1. You have a heat pump which has a coefficient of performance (C.O.P.) that is 17% of the maximum achievable. You want to heat your house to 20◦C. At what outside temperature does the heat pump become not useful?



2. C.O.P. = 1/(T1/T0 - 1)
T1= Temperature of the outside
T0 = Temperature of the house



3. Hi. Basically I am NOT looking for someone to give me an answer. I would just like some help on how to approach this problem. I know how to solve for T1 if they give the maximum C.O.P but I am stuck on how to complete this problem since the max. C.O.P is not given. Any help would be greatly appreciated.

 

[kreil]

The formula you gave can be rewritten,

$$COP_{heating} = \frac{T_0}{T_1-T_0}$$

Assuming the temperature outside is colder than that inside, this formula represents the coefficient of performance for heating at maximum theoretical efficiency.
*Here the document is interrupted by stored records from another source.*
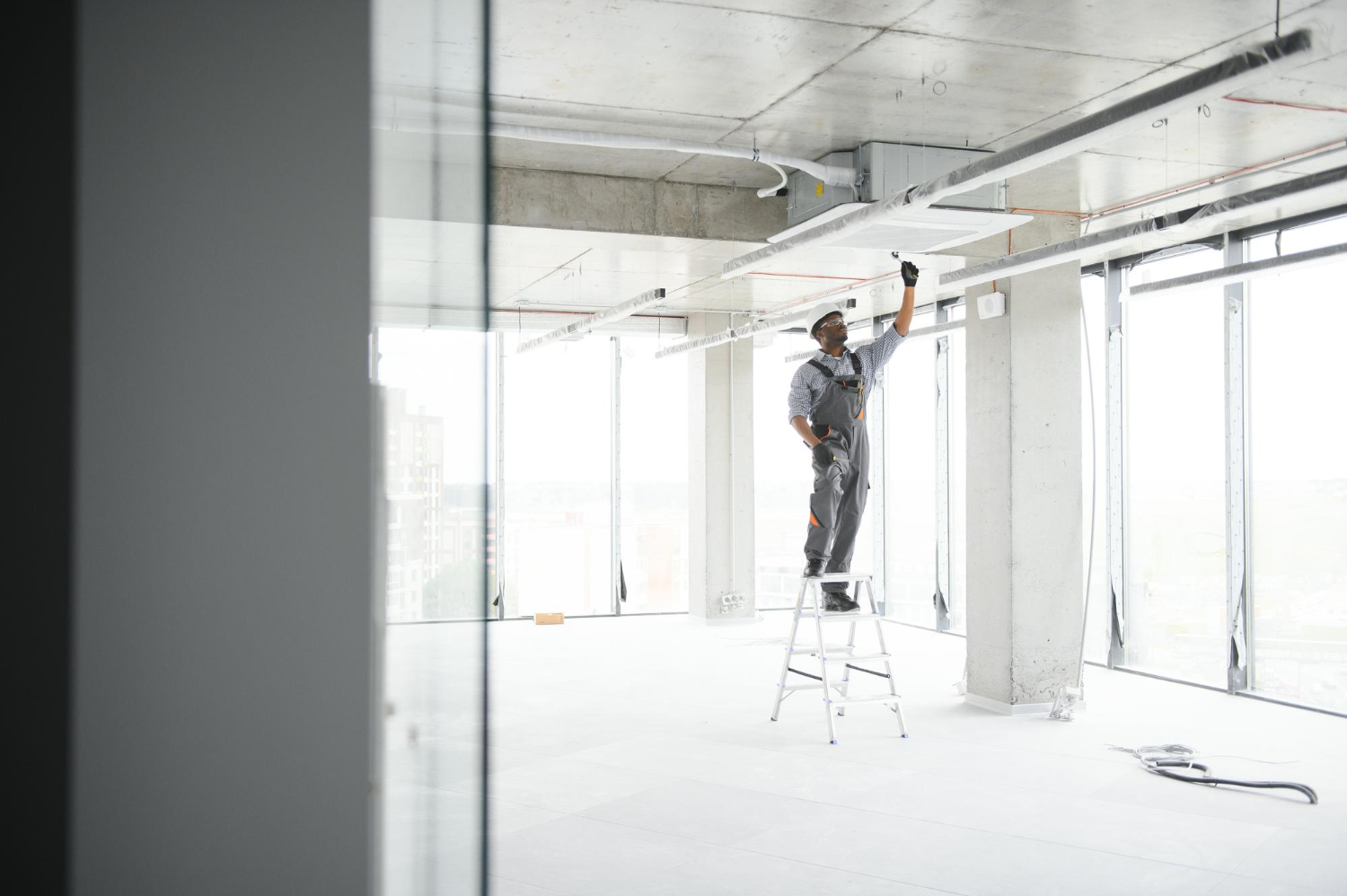 Construction worker in gray coveralls on ladder installing ceiling components in modern commercial building interior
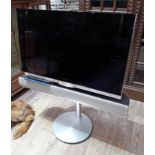A Bang & Olufsen Beovision 7 TV with Beo4 remote, stand and soundbar.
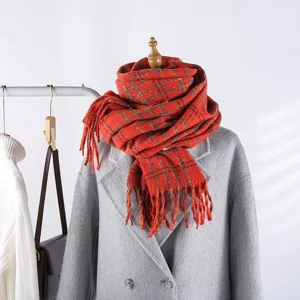 Winter colorful plaid scarf detail, cozy long fringed wrap, warm winter neckerchief accessory.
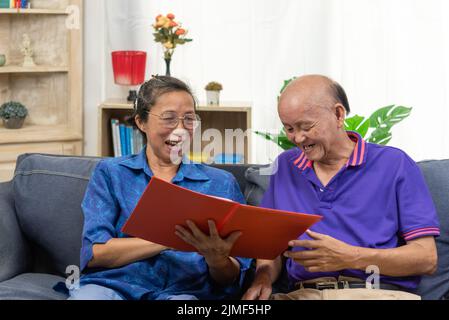 Senior asian couple talking happy planing retirement insurance health care contract on sofa. Stock Photo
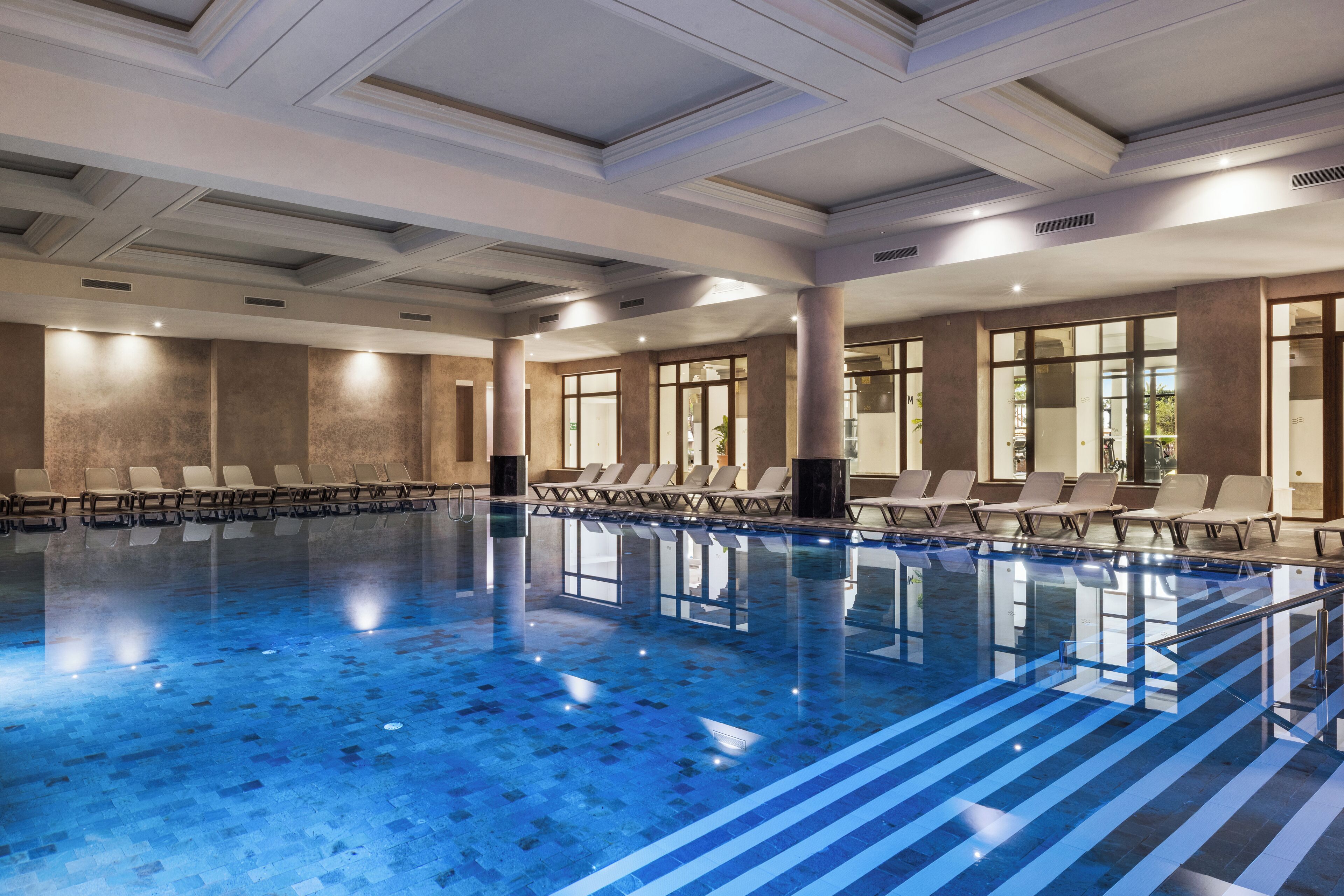 An indoor swimming pool with lounge chairs and a modern ceiling design.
Read more: http://en.wikipedia.org/wiki/Coefficient_of_performance#Derivation

 

[Andrew Mason]

1. You have a heat pump which has a coefficient of performance (C.O.P.) that is 17% of the maximum achievable. You want to heat your house to 20◦C. At what outside temperature does the heat pump become not useful?
2. C.O.P. = 1/(T1/T0 - 1)
T1= Temperature of the outside
T0 = Temperature of the house
3. Hi. Basically I am NOT looking for someone to give me an answer. I would just like some help on how to approach this problem. I know how to solve for T1 if they give the maximum C.O.P but I am stuck on how to complete this problem since the max. C.O.P is not given. Any help would be greatly appreciated.

The equation for COP gives you the maximum (Carnot) COP. (Note: the denominator should be (1 - T1/T0)). Just multiply the maximum COP by .17

What is the value of COP at which the heat pump stops being useful?

AM